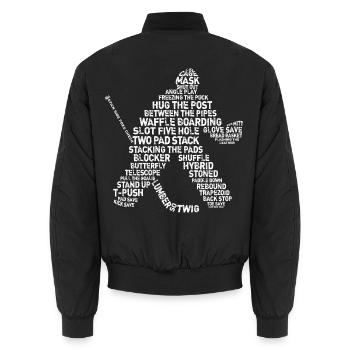 Goalie Lingo - Grunge Text-Version (white print) - Unisex Bomberjacke - Schwarz - Hinten - AI Model Male 185 light (185cm)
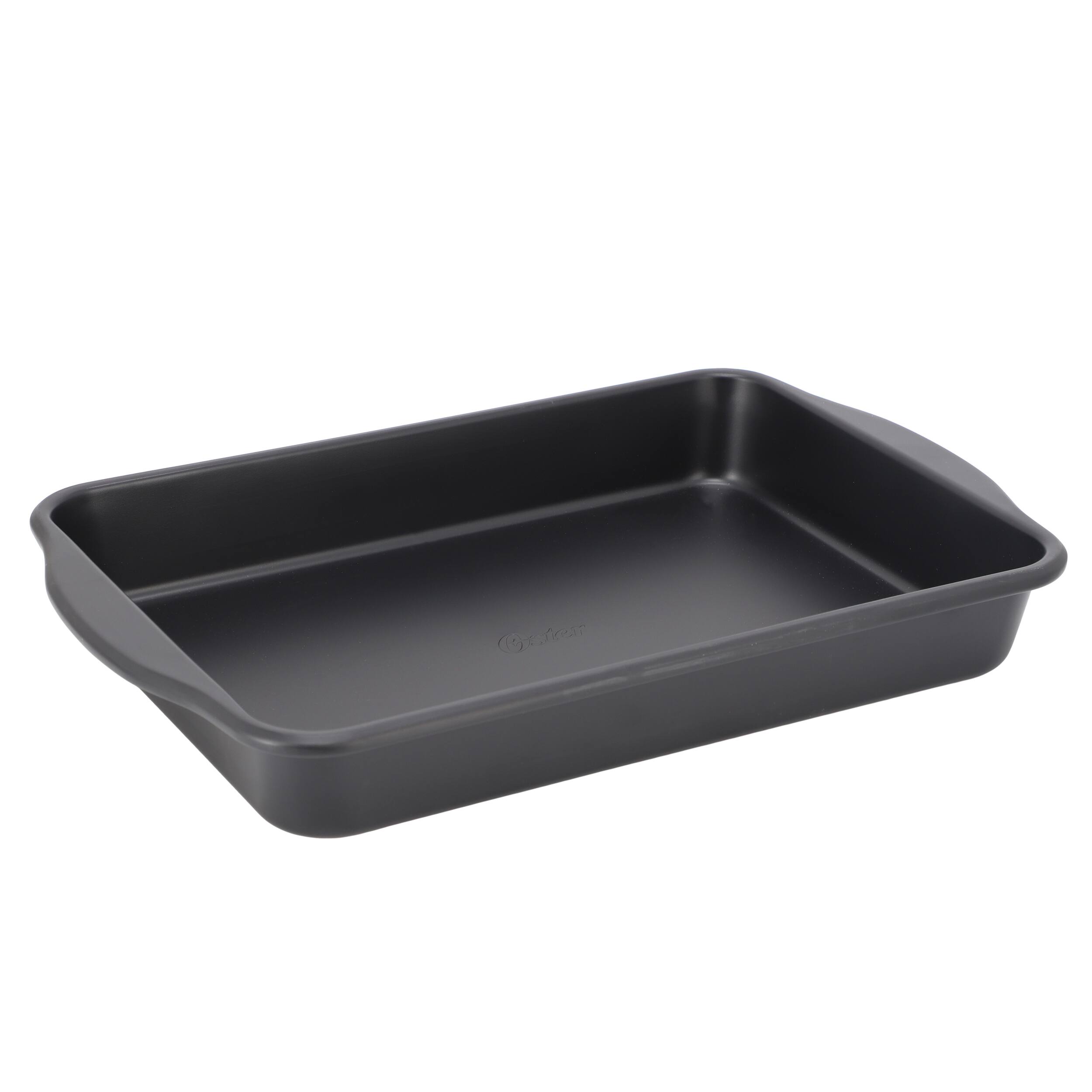 Front. Oster - Oster Teston Platinum Collection 13x9 Inch Nonstick Carbon Steel Baking Pan in Matte Black - Matte Black.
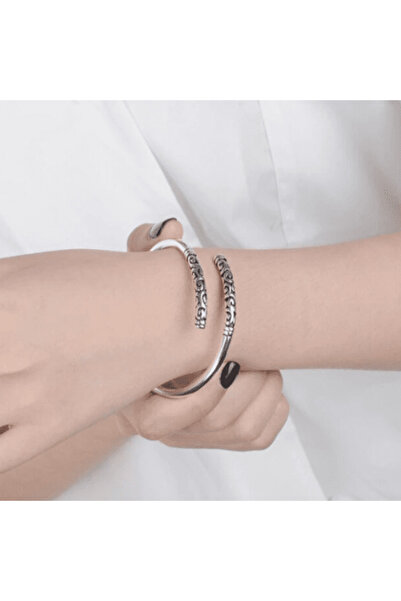 CRM Elegant women's bracelet CRM, retro open semi-adjustable, silver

## What to do
Would you copy out every line of the data above exactly, minus the pictures?

## Exercise solution
 Goalie Lingo - Grunge Text-Version (white print) - Unisex Bomberjacke - Schwarz - Hinten - AI Model Male 185 light (185cm)
 Front. Oster - Oster Teston Platinum Collection 13x9 Inch Nonstick Carbon Steel Baking Pan in Matte Black - Matte Black.
 CRM Elegant women's bracelet CRM, retro open semi-adjustable, silver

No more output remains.